Tenaga Honorer Miliki Peluang Diangkat Jadi PNS Sebelum 2023

Bukan berarti pasca terbitnya UU tersebut pemerintah tak lagi mengangkat tenaga honorer.

SURABAYAPOSTNEWS.COM – Pemerintah memastikan tak ada lagi tenaga honorer di tiap instansi pemerintahan tahun depan.

Hal tersebut tertuang dalam mandat PP 49/2018.

Dilansir dari CNBC Indonesia, aturan Manajemen Pegawai Pemerintah dengan Perjanjian Kerja itu, disebutkan pegawai non-PNS di instansi pemerintahan dapat melaksanakan tugas paling lama hingga 2023 mendatang.

Deputi Bidang Sumber Daya Manusia Aparatur Kementerian Pendayagunaan Aparatur Negara dan Reformasi Birokrasi, Alex Denni, menuturkan rencana penghapusan tenaga honorer bukanlah kebijakan yang ‘turun dari langit’.
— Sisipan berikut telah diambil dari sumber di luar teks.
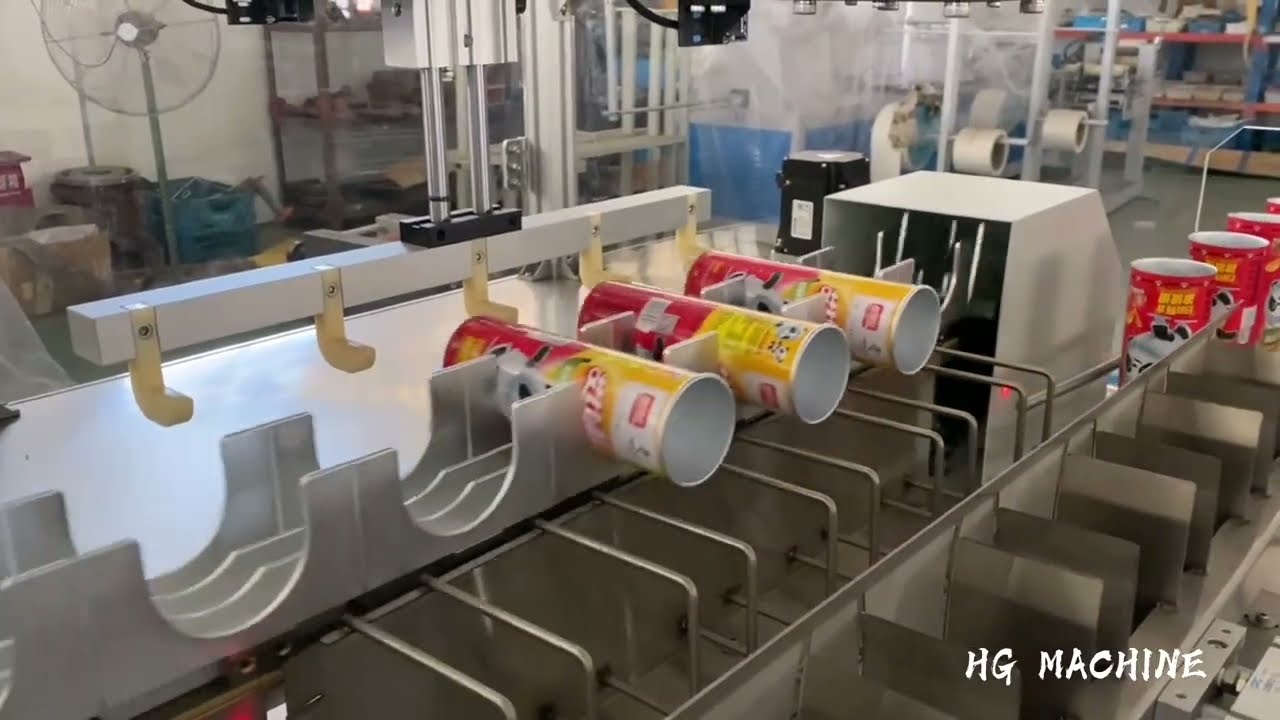 Automatic Kraft Paper Tube Making Machine For Compound Potato Chips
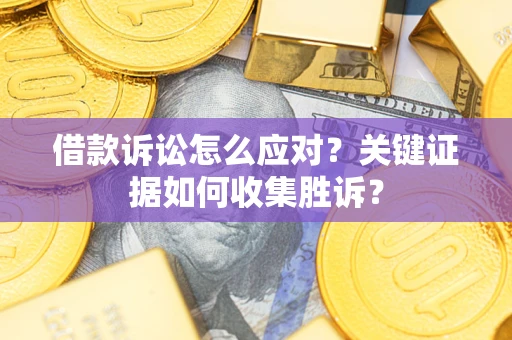 武汉借款诉讼怎么应对？关键证据如何收集胜诉？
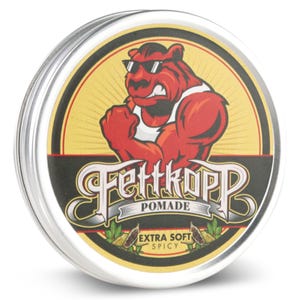 FETTKOPP POMADE Extra Soft SPICY - Cardamom/Laurel - light hold
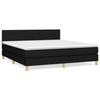 VidaXL Divan Bed with Mattress Black 180x200 Cm Fabric - Model 3140475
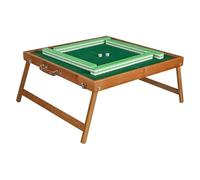 HTERBPOY Portable Mahjong Table Square Foldable Table Height 9in Suitable for dorms, families and outdoor camping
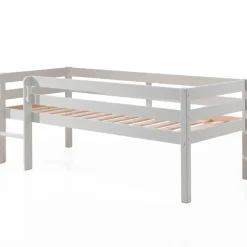 Halfhoogslaper Pip 90 x 200 dennenhout - wit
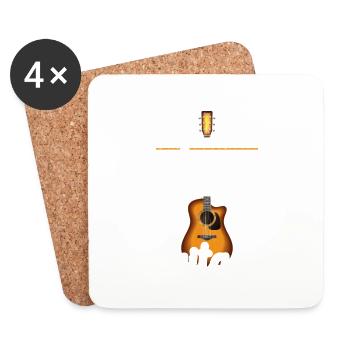 Cadeau Musique Plan De Retraite Guitariste Guitare - Dessous de verre (lot de 4) - blanc - Devant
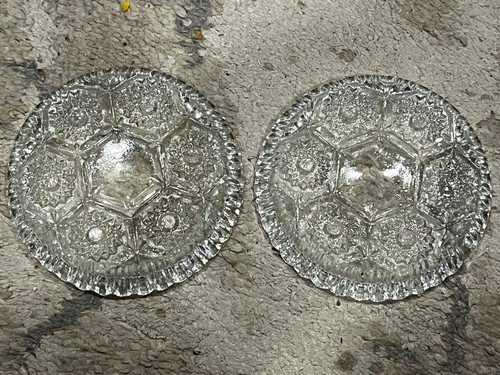 Set of Two (2) Action Industries International Diamond Crystal Ashtray Coasters - Picture 2 of 4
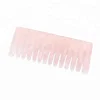 Rose Quartz Head Roller Massager , Stone Hair Massage Comb
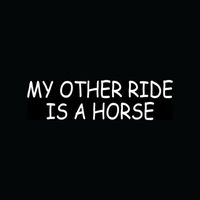 My Other Ride is A Horse Sticker Pony Ride Vinyl Decal Unicorn Farm Cute Animal - Die Cut Vinyl Decal for Windows, Cars, Trucks, Tool Boxes, laptops, MacBook - virtually Any Hard, Smooth Surface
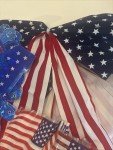4th of July Festive Banners, Bows, and Flags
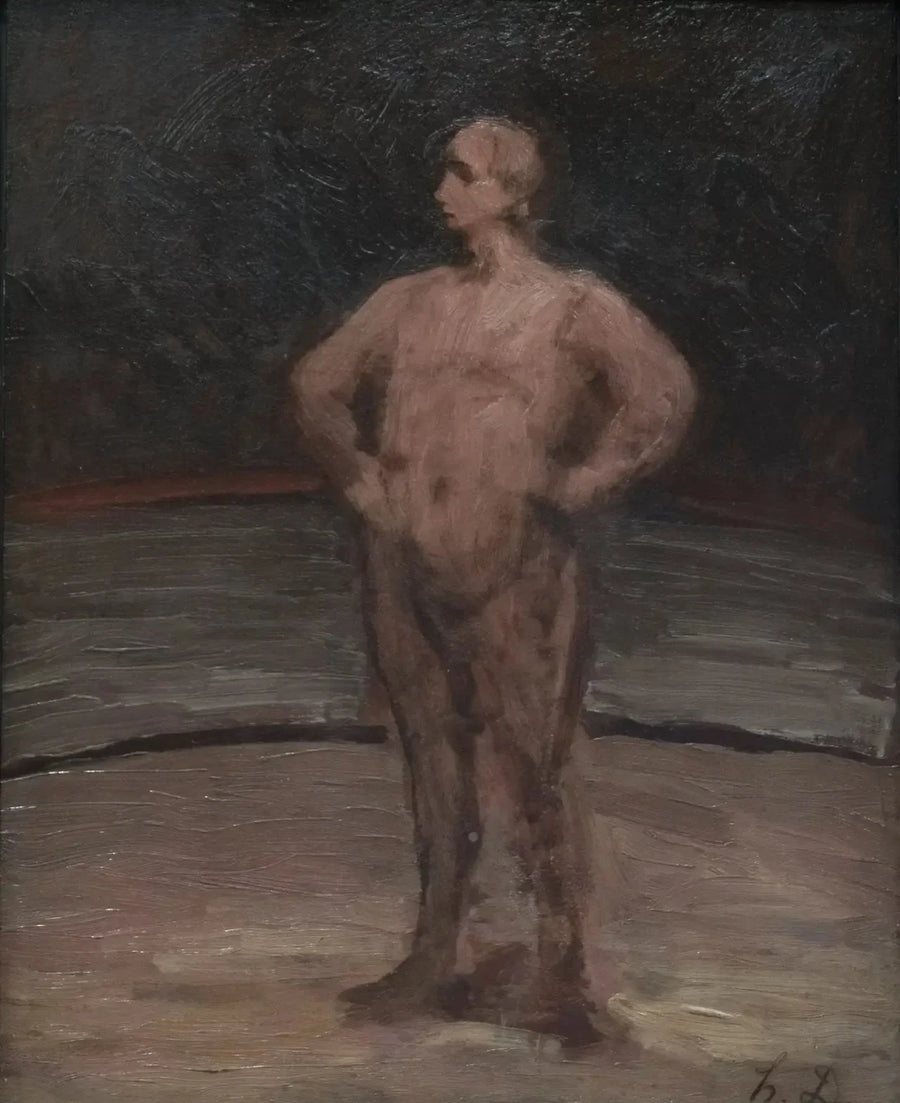 En stående brottare - Honoré Daumier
“Sebetulnya ini bukan ujug-ujug. Tapi sudah dari 2005. Itu sudah inventarisir,” kata Alex saat berbincang secara eksklusif dengan CNBC Indonesia beberapa waktu lalu.

Alex mengemukakan, pada saat itu ada sekitar 900 ribu tenaga honorer.

Nah di saat itu pula, pemerintah sepakat untuk mengangkat sekitar 860 ribu tenaga honorer diangkat sebagai PNS.

“Sisanya tidak memenuhi kriteria, tapi yang sisanya ingin diproses lebih lanjut. Begitu di data ulang, membengkak menjadi 600 ribuan. 11x lipat membengkak angkanya pada saat itu,” tuturnya.

Pembengkakan angka tenaga honorer di tiap instansi itu akhirnya mendorong terbitnya Undang-Undang (UU) Aparatur Sipil Negara 5/2014.

Dalam aturan, ditetapkan hanya ada dua kategori ASN yakni PNS dan PPPK.

Namun, bukan berarti pasca terbitnya UU tersebut pemerintah tak lagi mengangkat tenaga honorer.

Hingga kini, ada beberapa instansi yang tetap merekrut tenaga honorer, kendati hal tersebut telah dilarang.

“Sejak 2005 sudah dilarang. Sebetulnya PP 48/2005 junto 43/2007. pemerintah dilarang mengangkat tenaga honorer. Jadi semua orang sudah tahu ini enggak boleh. Tapi yang diangkat masih diangkat, yang mau masih mau.”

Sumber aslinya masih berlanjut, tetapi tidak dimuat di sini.